L’humanité a toujours bougé. Partie d’Afrique il y a des millions d’années, notre espèce a peuplé le monde par vagues successives, et l’histoire nous apprend que les migrations ont été incessantes. Les routes existent depuis l’aube de l’humanité. La fuite, le commerce, la curiosité, la recherche de nouvelles richesses, l’échange culturel, l’aventure, la guerre sont des mobiles puissants qui poussent les hommes sur les routes. Aujourd’hui les étudiants vont en stage à l’étranger, les vacanciers volent vers des rives ensoleillées. D’autres peuplent des stades lointains pour des jeux olympiques ou des coupes du monde de foot!… Retour aussi sur les terres des ancêtres où l’on se ressource, ainsi tel village des Cévennes multiplie sa population par dix entre l’hiver et l’été ! Sans compter les déplacements pendulaires quotidiens des travailleurs. Va-et-vient de millions de personnes… L’humanité est une vraie fourmilière.

Hélas, catastrophes, misère ou guerre, politiques absurdes et injustes poussent des milliers de gens sur les routes de l’exode. Nouveaux horizons, lendemains qui chantent, espoirs donnent la force de tout abandonner… Mais la croissance des masses humaines est telle que les problèmes migratoires d’aujourd’hui ne sont que les prémices d’un avenir qui sera dur à gérer. Les drames dont la presse se fait écho – un enfant mort sur une plage ou un bateau errant de port en port – illustrent le quotidien de trop nombreuses personnes dans le monde. Ignorer le problème est criminel et ne résout rien. Refuser d’accueillir la détresse est moralement insoutenable. Accueillir tout le monde dans des conditions correctes nécessite un changement de mentalité et de société considérable et long à mettre en place…

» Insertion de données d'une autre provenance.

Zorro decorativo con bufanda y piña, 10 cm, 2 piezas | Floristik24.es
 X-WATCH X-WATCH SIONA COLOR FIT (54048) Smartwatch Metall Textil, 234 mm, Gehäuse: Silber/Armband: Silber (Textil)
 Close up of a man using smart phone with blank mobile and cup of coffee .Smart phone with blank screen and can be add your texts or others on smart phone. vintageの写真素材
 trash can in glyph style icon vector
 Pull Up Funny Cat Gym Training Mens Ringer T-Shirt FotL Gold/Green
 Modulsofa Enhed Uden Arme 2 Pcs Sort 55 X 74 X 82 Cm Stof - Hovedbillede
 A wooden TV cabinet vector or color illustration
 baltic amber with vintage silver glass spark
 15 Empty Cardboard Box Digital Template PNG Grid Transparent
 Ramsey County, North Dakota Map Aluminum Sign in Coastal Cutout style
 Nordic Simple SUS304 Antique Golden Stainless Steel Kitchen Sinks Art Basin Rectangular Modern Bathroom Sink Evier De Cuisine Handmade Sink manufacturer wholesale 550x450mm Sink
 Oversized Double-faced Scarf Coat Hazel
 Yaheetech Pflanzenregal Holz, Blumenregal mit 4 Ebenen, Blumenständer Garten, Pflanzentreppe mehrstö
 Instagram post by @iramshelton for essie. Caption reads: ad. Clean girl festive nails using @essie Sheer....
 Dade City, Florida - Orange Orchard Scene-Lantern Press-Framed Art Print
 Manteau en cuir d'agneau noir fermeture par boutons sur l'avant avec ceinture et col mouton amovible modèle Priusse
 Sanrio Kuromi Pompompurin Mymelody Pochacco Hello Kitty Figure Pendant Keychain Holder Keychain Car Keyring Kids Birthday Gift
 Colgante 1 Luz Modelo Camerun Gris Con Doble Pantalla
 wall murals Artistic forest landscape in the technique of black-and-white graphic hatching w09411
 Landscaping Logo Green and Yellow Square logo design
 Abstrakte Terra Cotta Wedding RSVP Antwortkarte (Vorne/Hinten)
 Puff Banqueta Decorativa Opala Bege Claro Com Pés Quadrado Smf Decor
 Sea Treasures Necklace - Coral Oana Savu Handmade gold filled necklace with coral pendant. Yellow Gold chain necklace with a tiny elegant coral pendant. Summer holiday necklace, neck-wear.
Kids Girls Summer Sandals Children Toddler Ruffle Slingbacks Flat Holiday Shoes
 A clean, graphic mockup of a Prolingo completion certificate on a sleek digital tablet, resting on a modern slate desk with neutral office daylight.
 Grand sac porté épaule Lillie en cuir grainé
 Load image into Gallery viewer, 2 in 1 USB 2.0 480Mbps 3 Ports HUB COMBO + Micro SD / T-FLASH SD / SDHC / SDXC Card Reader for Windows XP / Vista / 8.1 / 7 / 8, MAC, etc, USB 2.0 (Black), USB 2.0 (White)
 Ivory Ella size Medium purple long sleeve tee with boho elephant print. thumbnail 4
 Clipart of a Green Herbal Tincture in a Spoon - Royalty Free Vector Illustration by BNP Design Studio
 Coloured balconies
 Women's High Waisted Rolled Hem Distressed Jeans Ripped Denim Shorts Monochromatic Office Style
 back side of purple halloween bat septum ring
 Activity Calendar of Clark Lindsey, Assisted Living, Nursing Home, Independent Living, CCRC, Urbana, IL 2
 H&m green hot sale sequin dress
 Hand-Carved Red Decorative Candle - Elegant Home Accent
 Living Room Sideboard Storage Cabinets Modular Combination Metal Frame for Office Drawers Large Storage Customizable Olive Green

L’information reste fondamentale, la révision des politiques internationales pour aider les pays de départ est nécessaire, accueillir quand on peut le faire est en grande partie la solution dans l’immédiat. Faire ce qu’on peut en ayant conscience que la diaconie est école de modestie est sans doute la voie la meilleure. Logeons, mettons en place le français langue étrangère, aidons à constituer des dossiers, etc. À chacun d’agir selon ses possibilités et ses charismes. Mais surtout, quand nous partons en vacances, n’oublions ni ceux qui restent ni ceux qui errent, en fuite, sur les routes du monde.